Generate data bases of survey data, item banks, knowledge structures, and professional experiences;
Coordinate data collection and survey administration;
Interrelate all of the relevant data; and
Generate graphical and narrative reports on paper or electronic or magnetic media.
Desktop relational data base management systems do not only handle the numbers and percents of employee surveys, the text of employee comments, and the compilation of item banks and rule structures. They can also handle infinitely large text images like magazine articles and book chapters, graphical images like pictures and charts, and full motion audiovisual images like those on movies and videotape.

A manager can view employee survey results, interactively, from a diskette or CD-ROM provided by the survey processing program. The manager will not only see what the problems are and how to fix them, but could also be offered the option of reading an article or book excerpt tailored to problems manifested in the manager's survey data. The manager could also be given the option of viewing a short film or interactive video tutorial to hone skills for the impending survey feedback meeting. Relational data base management systems can now integrate all these data and image forms.

Expert system applications for employee opinion surveys are not dreams for a distant future in survey technology, awaiting future advances in hardware and software, and eventually lower costs for data processing. The technology and cost reductions have arrived.
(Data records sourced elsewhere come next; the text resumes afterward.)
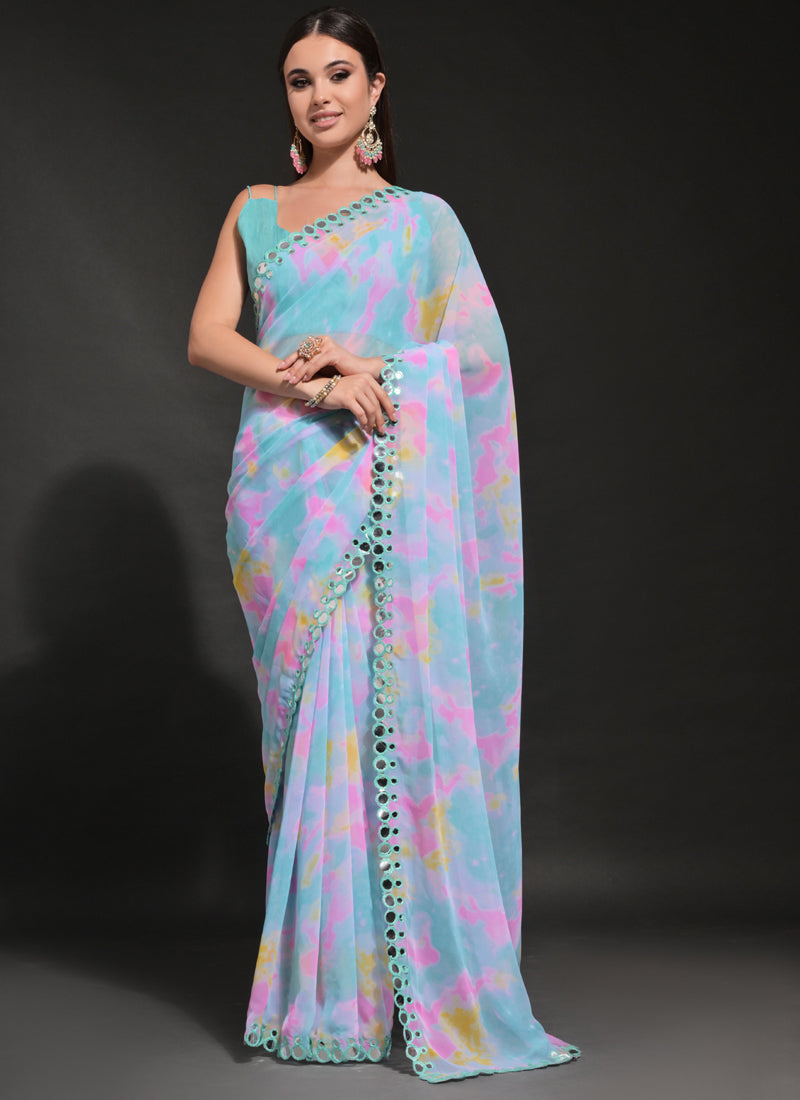 Light Blue Georgette saree with Prizam print and detailed mirror embroidery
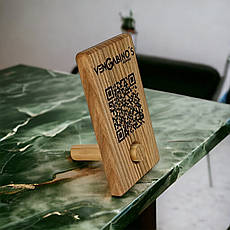 Підставка для меню - qr кода на стіл в ресторан кафе бар паб з лого закладу 10х6 см Контакт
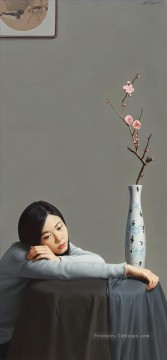  boudoir Tableaux - boudin repinings peach fleurs à nouveau chinois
The knowledge base is also here, but it awaits our inventiveness in organizing and structuring it. Research and experience have accumulated over the past 60 years covering such concepts as: job satisfaction, the consequences of having too little work to do, why some employees intend to leave their jobs, the consequences of a distrusted management, what happens when you improve hygiene factors. Some of these issues may be addressed with precise results from replicated studies, while others yield to the intuition of skilled practitioners.

Beyond the meaning of results, anyone who has had significant experience with full-scale employee surveys understands that to have a survey energize an organization several things must come together at the same time. Top management must insist on accountability for the results. Middle management must be prepared to carry out a serious auditing role. Supervisors must have effective communications and interpersonal skills. The knowledge bases for how to tune these conditions, although not as widely known, also exist and can be integrated into an expert system for employee surveys.

Finally, the integration of existing technology with existing knowledge bases will benefit consumers of employee opinion surveys. The benefits will be faster service, lower prices, higher quality, and a greater value-add in the management of employee relations and achieving business objectives.